=== Section Start ===

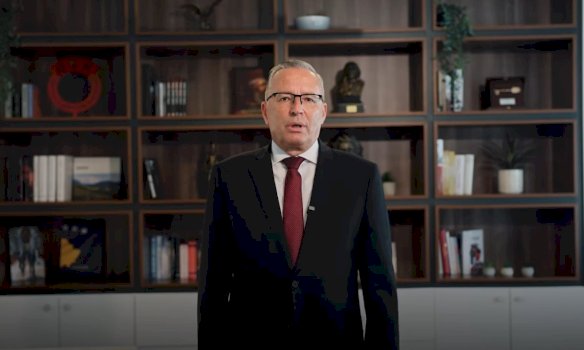 hamza:-“ofertat”-ne-minutat-e-fundit,-loje-politike-per-t’u-arsyetuar-para-qytetareve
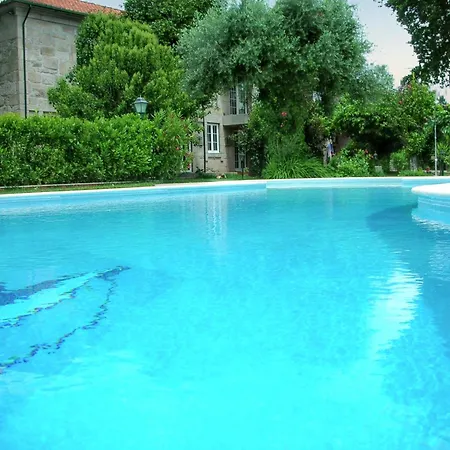 Charming In With Shared Pool Pedraca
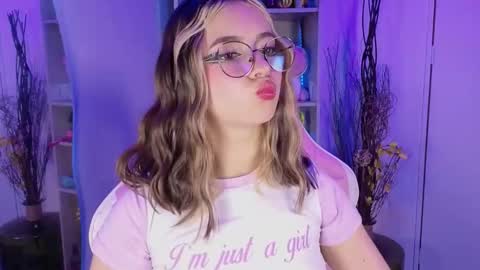 VALEEEN online show from October 23, 4:50 pm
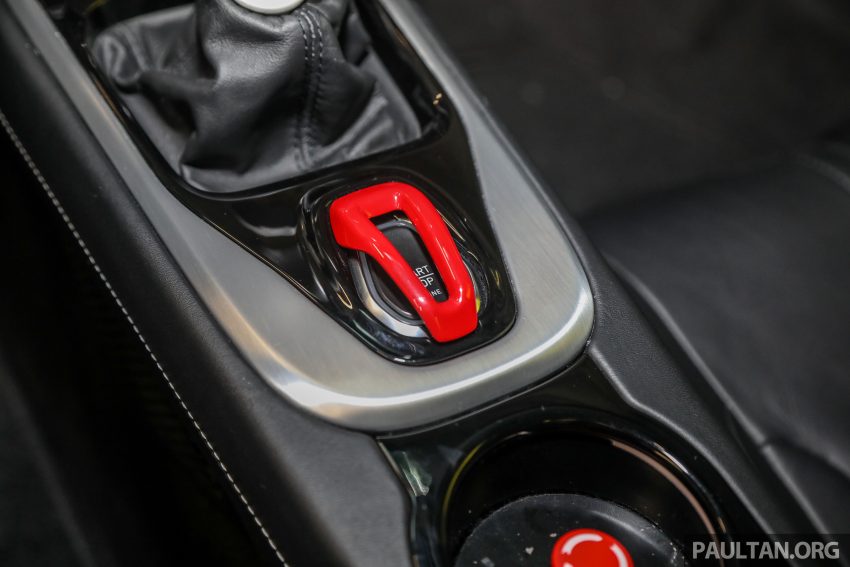 Lotus Emira 3.5 V6 First Edition 本地首秀！首批20台配额已近乎售馨，西马半岛售RM1.13m；浮罗交怡售RM457k 178554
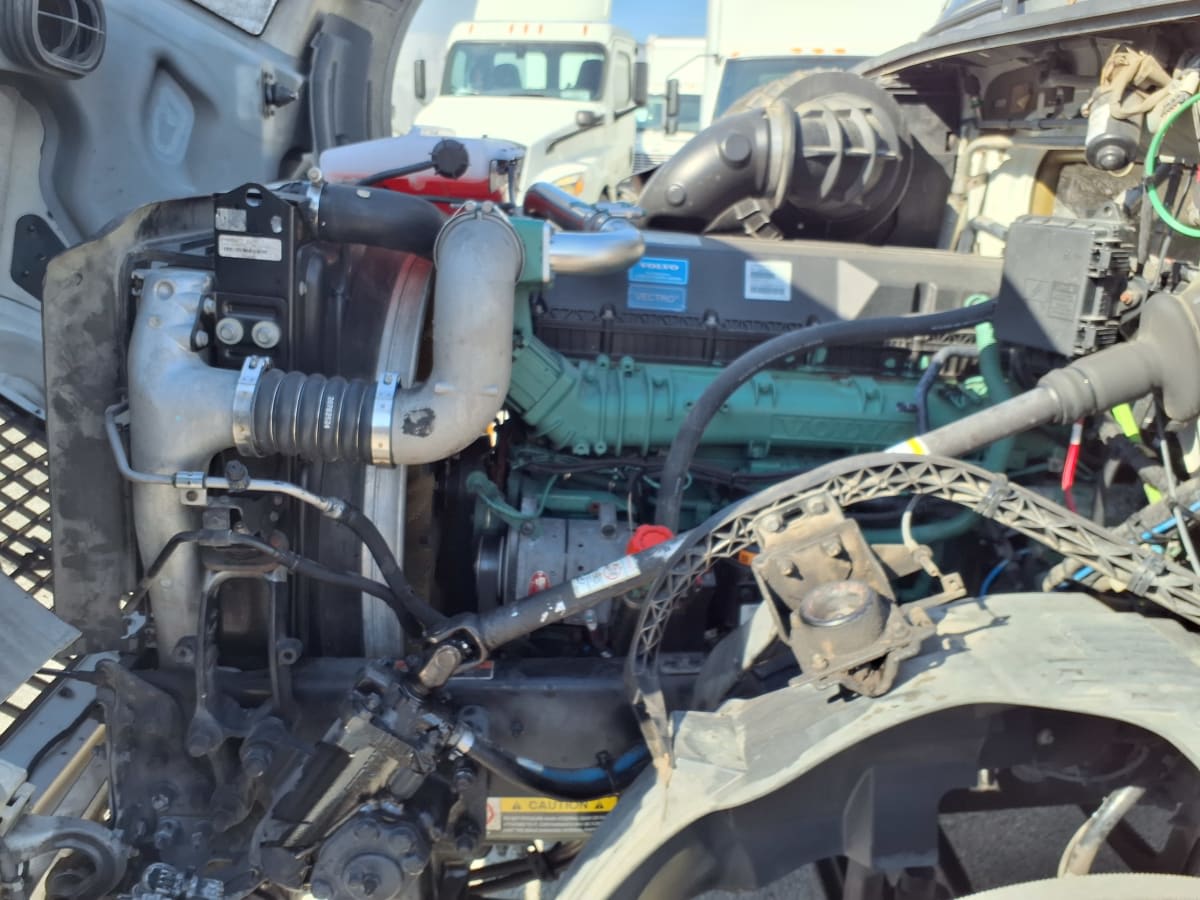 2016 Volvo - image 8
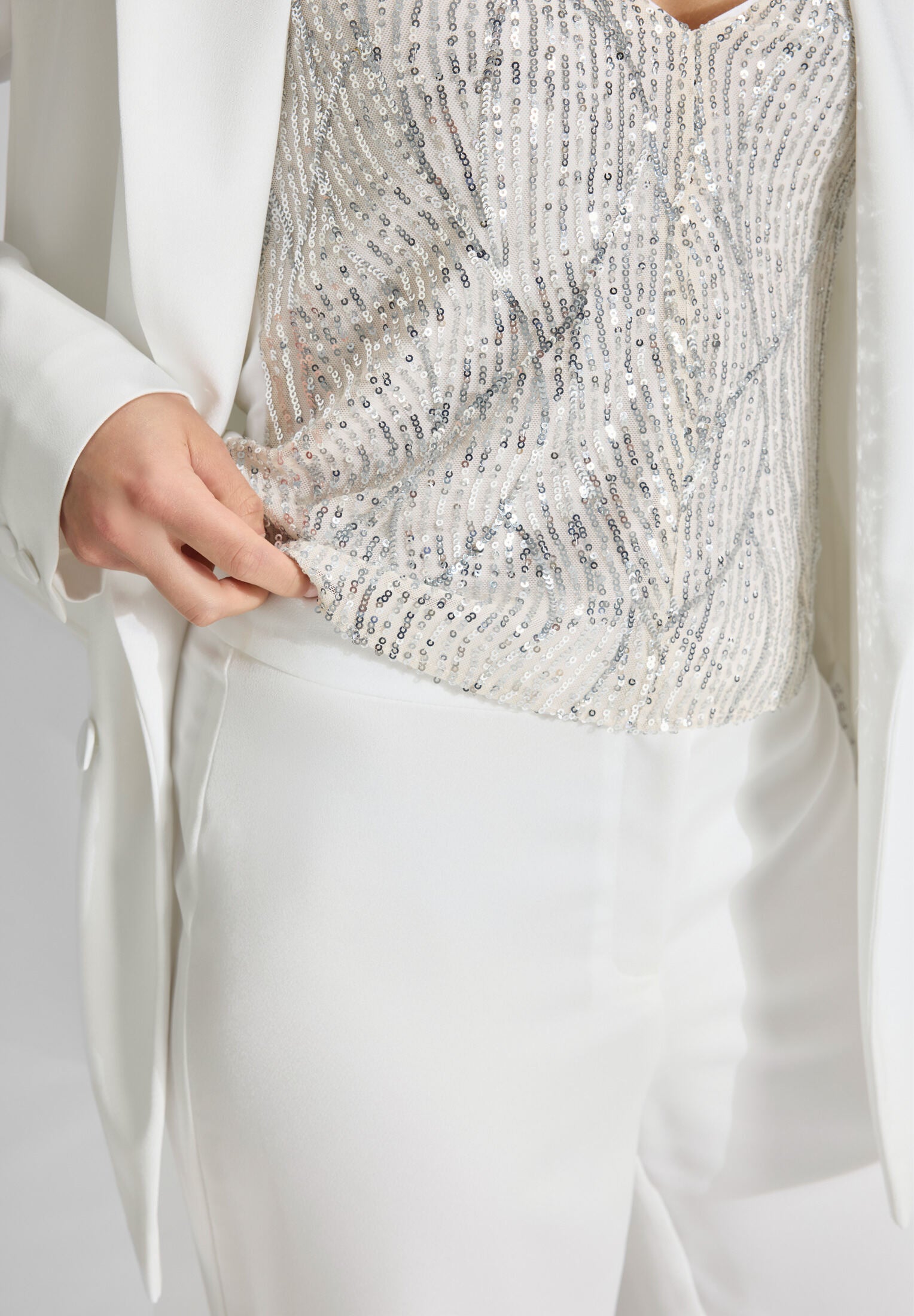 Hose aus Satin mit geradem Bein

=== Section End ===

**Goal of the exercise:**
From the line containing "Lotus Emira 3.5" through the last line of the material above, write out each line exactly, leaving aside all pictures.

**Solved problem:**
 Lotus Emira 3.5 V6 First Edition 本地首秀！首批20台配额已近乎售馨，西马半岛售RM1.13m；浮罗交怡售RM457k 178554
 2016 Volvo - image 8
 Hose aus Satin mit geradem Bein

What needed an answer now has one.